I would highly recommend to you two things this evening, both from LGF.
One is this quote from Tom Junod in Esquire:
Junod is a thinking and thoughtful person and excellent writer. My opinions would differ from his, but he asks excellent and important questions of himself and his readers. You can't ask for more. Please read it all: "The Case for George W. Bush - i.e. what if he's right?"
As easy as it is to say that we can’t abide the president because of the gulf between what he espouses and what he actually does, what haunts me is the possibility that we can’t abide him because of us—because of the gulf between his will and our willingness. What haunts me is the possibility that we have become so accustomed to ambiguity and inaction in the face of evil that we find his call for decisive action an insult to our sense of nuance and proportion.

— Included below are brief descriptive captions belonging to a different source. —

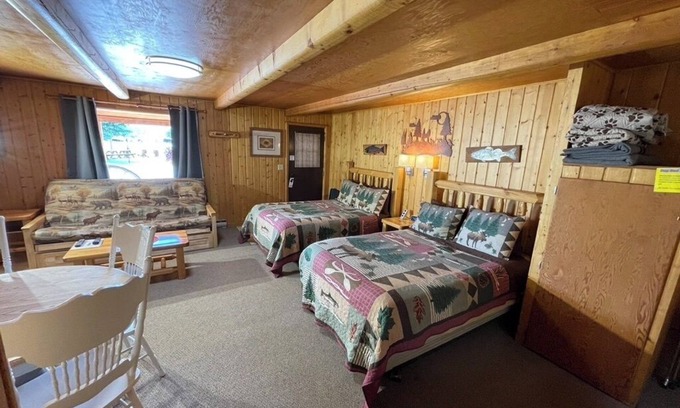Melrose House | Kitchenette - Spacious Room with Full Kitchen - Melrose MT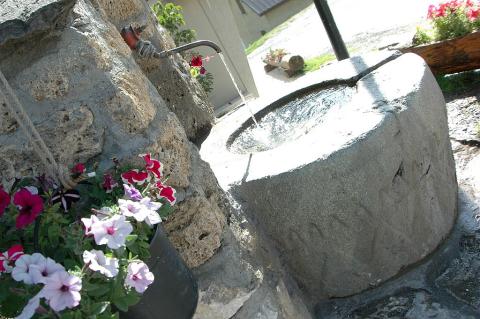 Fontaine dans le hameau de Ventelon ©Parc national des Ecrins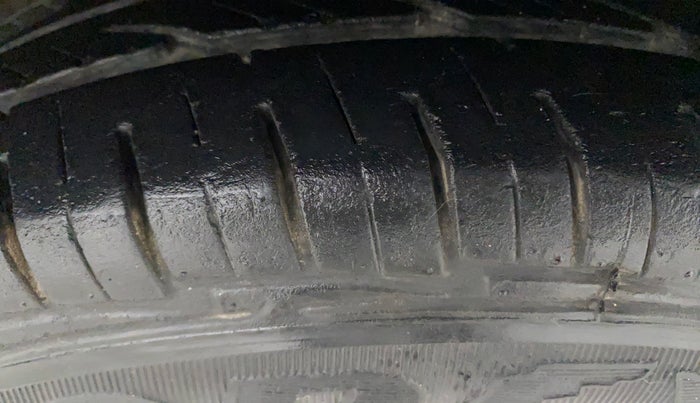 2014 Maruti Alto 800 LXI, Petrol, Manual, 61,018 km, Right Front Tyre Tread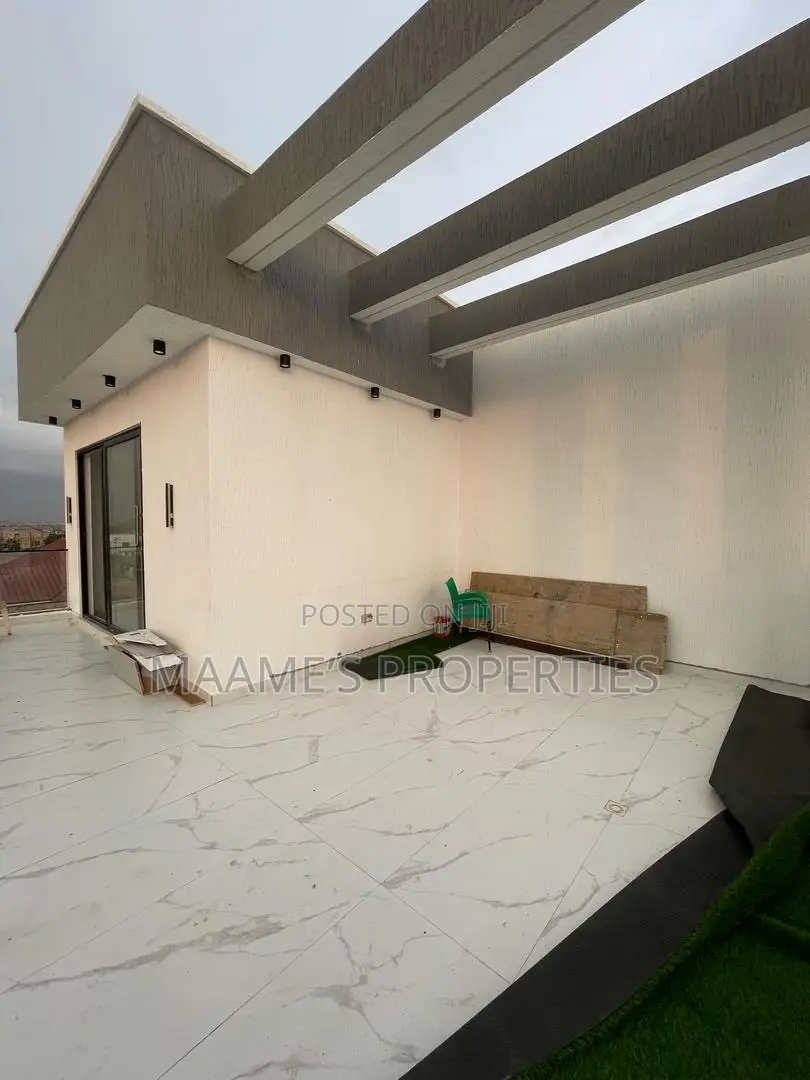 4bdrm Duplex in Ashaley Botwe for sale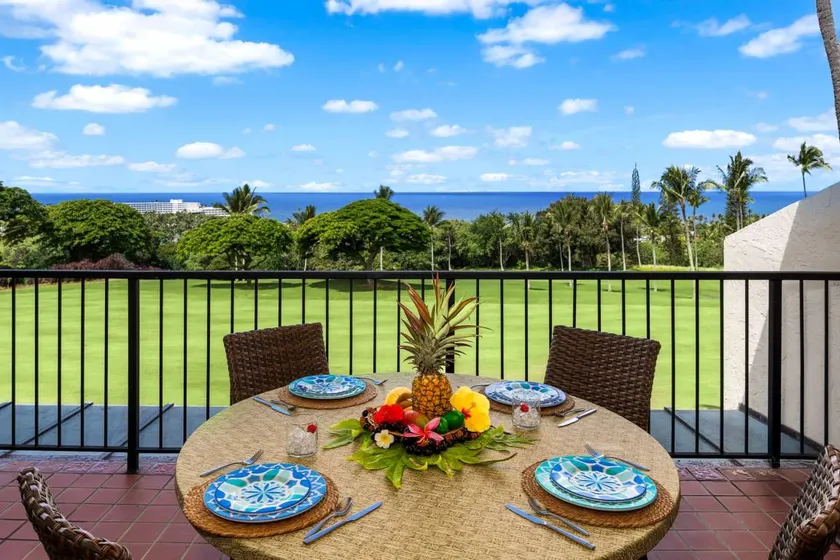 Appartement en copropriété adapté aux familles avec piscine et jacuzzi | Vue sur l'eau - Image 1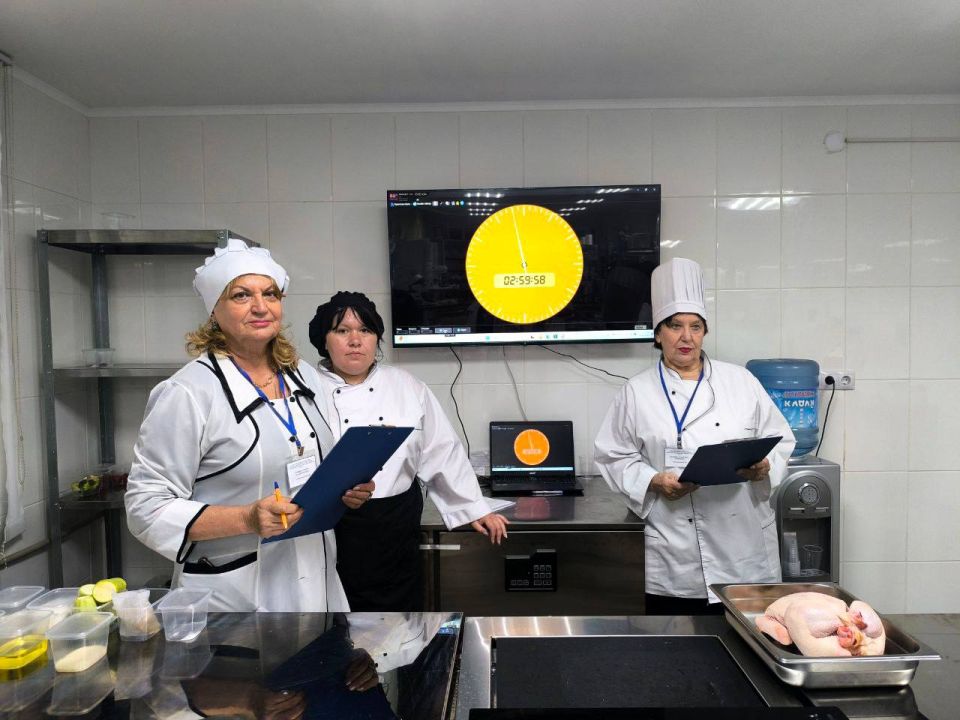 В июне месяце текущего года свой профессионализм на демонстрационных экзаменах подтверждают студенты ГБПОУ «Енакиевский техникум сферы услуг» по профессии 44.01.09 Повар, кондитер В июне месяце текущего года свой профессионализм на демонстрационных экзаменах подтверждают студенты ГБПОУ «Енакиевский техникум сферы услуг» по профессии 44.01.09 Повар, кондитер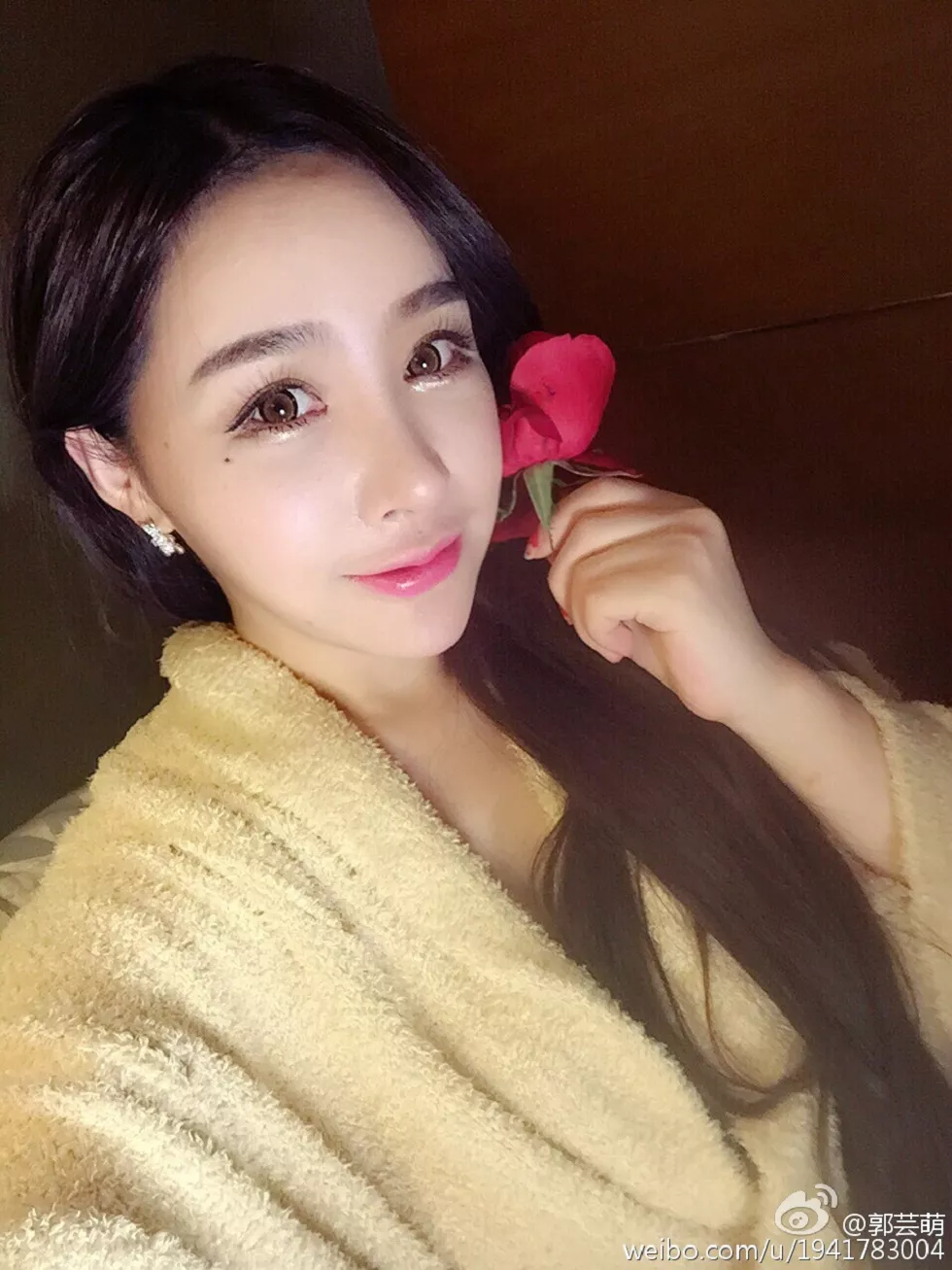 美女嫩模郭芸萌性感自拍美图写真微博合集270P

The people who dislike George W. Bush have convinced themselves that opposition to his presidency is the most compelling moral issue of the day. Well, it’s not. The most compelling moral issue of the day is exactly what he says it is, when he’s not saying it’s gay marriage. The reason he will be difficult to unseat in November—no matter what his approval ratings are in the summer—is that his opponents operate out of the moral certainty that he is the bad guy and needs to be replaced, while he operates out of the moral certainty that terrorists are the bad guys and need to be defeated. The first will always sound merely convenient when compared with the second. Worse, the gulf between the two kinds of certainty lends credence to the conservative notion that liberals have settled for the conviction that Bush is distasteful as a substitute for conviction—because it’s easier than conviction.
For full benefit, read the Junod piece in conjunction with viewing this new LGF slideshow, which Charles has paired with the words, "We sleep at our own peril."
It's true. I agree. Gd help us. Amen.